- WORK REQUIRED: Leave the images out. Give every line below again, precisely.

- DATASET CONTENT:
•••••
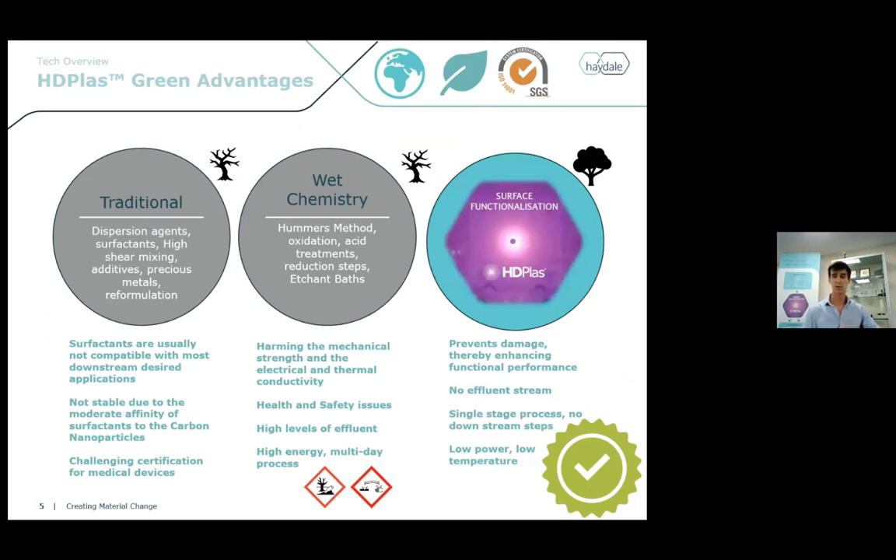Another key aspect, especially with medical devices, is how can we do this in a green and sustainable manner? Traditional methods for dispersing graphene use surfactants, high shear and high energy mixing, and sometimes you've got to substitute precious metals into your formulation. Wet chemistry methods like the Hummers method, oxidization, and acid treatments have a lot of effluent streams, downstream processing issues, and multiple steps. Specifically for medical devices, these solutions put roadblocks into getting your product certified. Plasma functionalization is lean, it's clean, there's no effluent stream, it's a low power, low temperature process that really enables the performance of the product.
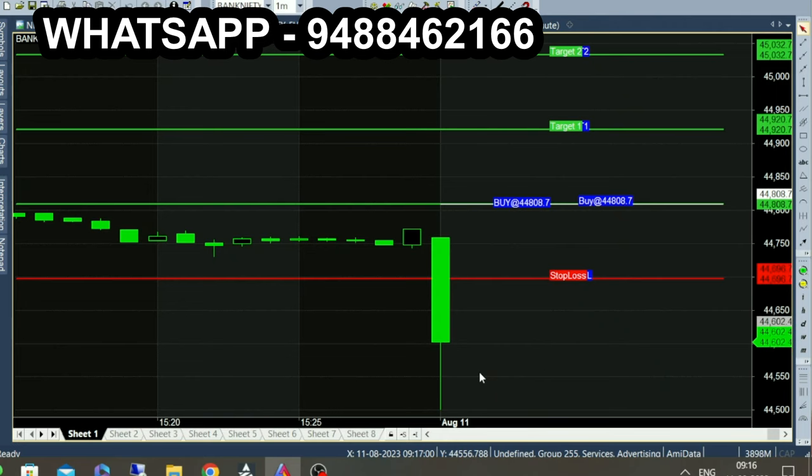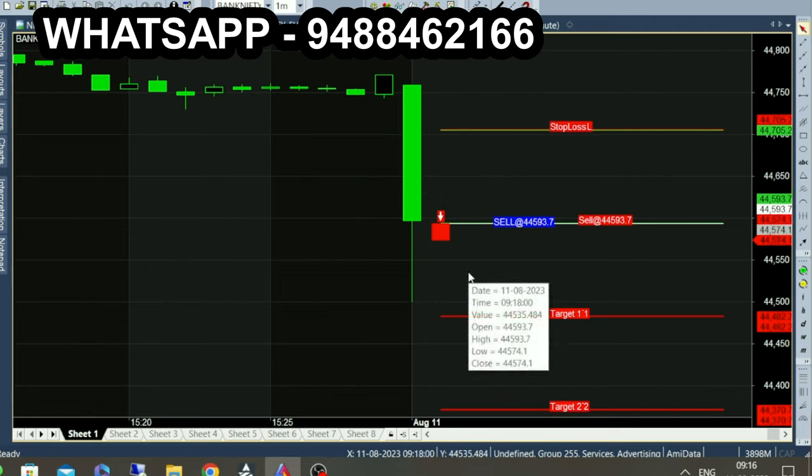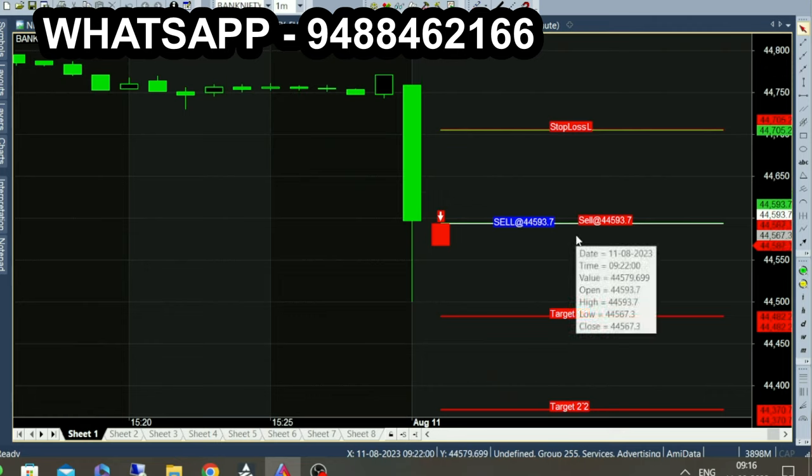When the market opened in one minute, there is a sell call at 9:16am in a red color candle. We can generate calls automatically. If you want to open the calls, you can order the calls. Manual trading and auto trading is possible.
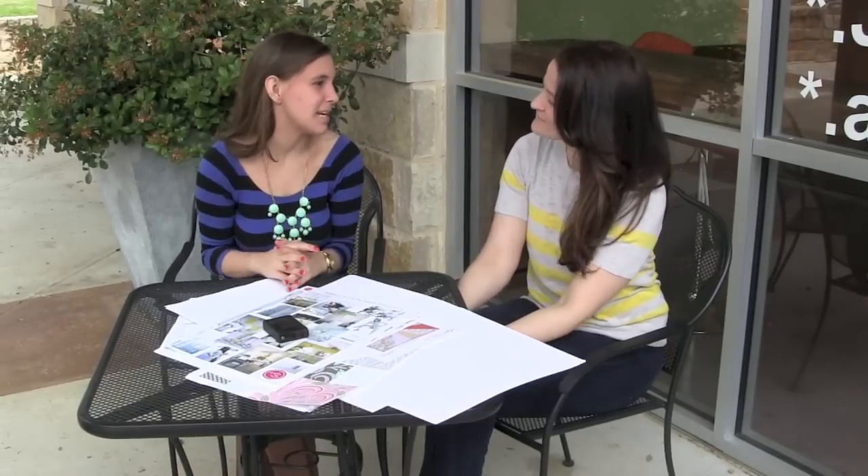Hi, I'm Chelsea with The Fat Quarter Shop and I'm here today with Jamie of Deer Stella. We're going to talk a little bit about the Deer Stella brand. Tell us about your company.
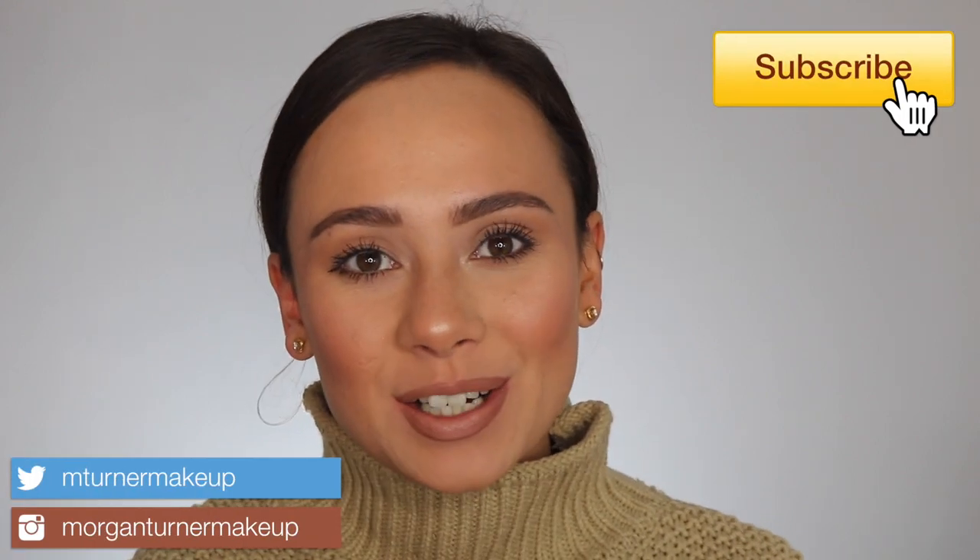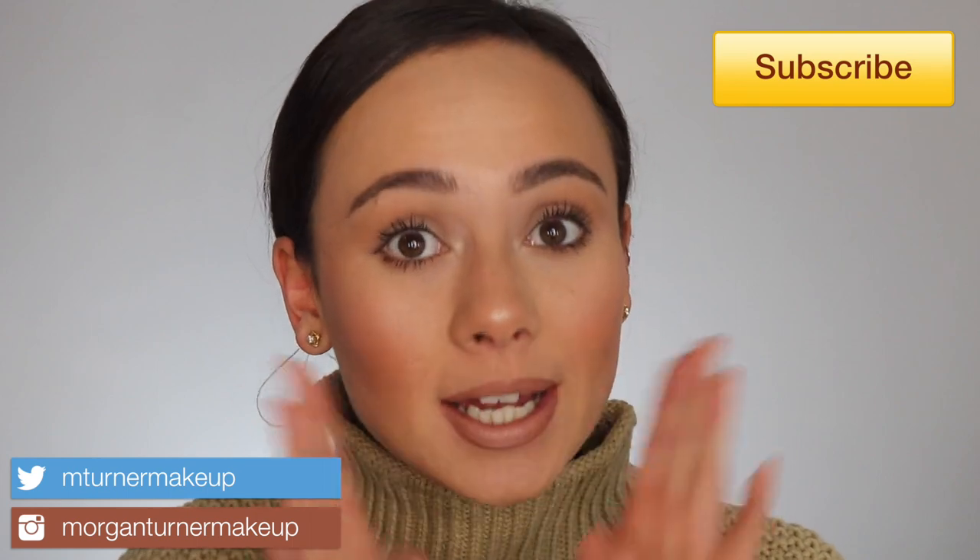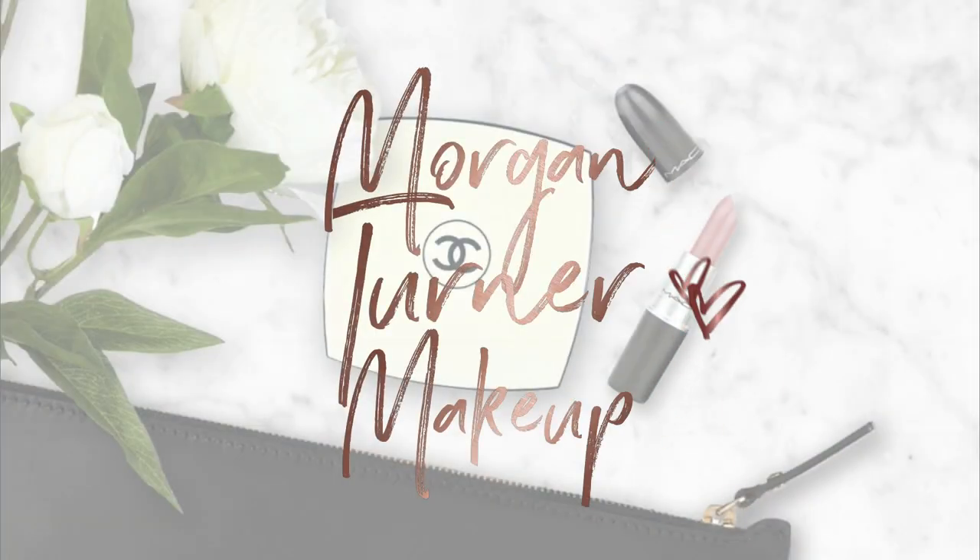Hi guys, what is up? Welcome to my channel. So for today's video, we are going to be doing a very late November favorites. I took a little bit of an unannounced hiatus from social media. I just really needed a break and I needed to recalibrate. So I am back on track.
•••••
- FINISHED EXERCISE:
Another key aspect, especially with medical devices, is how can we do this in a green and sustainable manner? Traditional methods for dispersing graphene use surfactants, high shear and high energy mixing, and sometimes you've got to substitute precious metals into your formulation. Wet chemistry methods like the Hummers method, oxidization, and acid treatments have a lot of effluent streams, downstream processing issues, and multiple steps. Specifically for medical devices, these solutions put roadblocks into getting your product certified. Plasma functionalization is lean, it's clean, there's no effluent stream, it's a low power, low temperature process that really enables the performance of the product.
When the market opened in one minute, there is a sell call at 9:16am in a red color candle. We can generate calls automatically. If you want to open the calls, you can order the calls. Manual trading and auto trading is possible.
Hi, I'm Chelsea with The Fat Quarter Shop and I'm here today with Jamie of Deer Stella. We're going to talk a little bit about the Deer Stella brand. Tell us about your company.
Hi guys, what is up? Welcome to my channel. So for today's video, we are going to be doing a very late November favorites. I took a little bit of an unannounced hiatus from social media. I just really needed a break and I needed to recalibrate. So I am back on track.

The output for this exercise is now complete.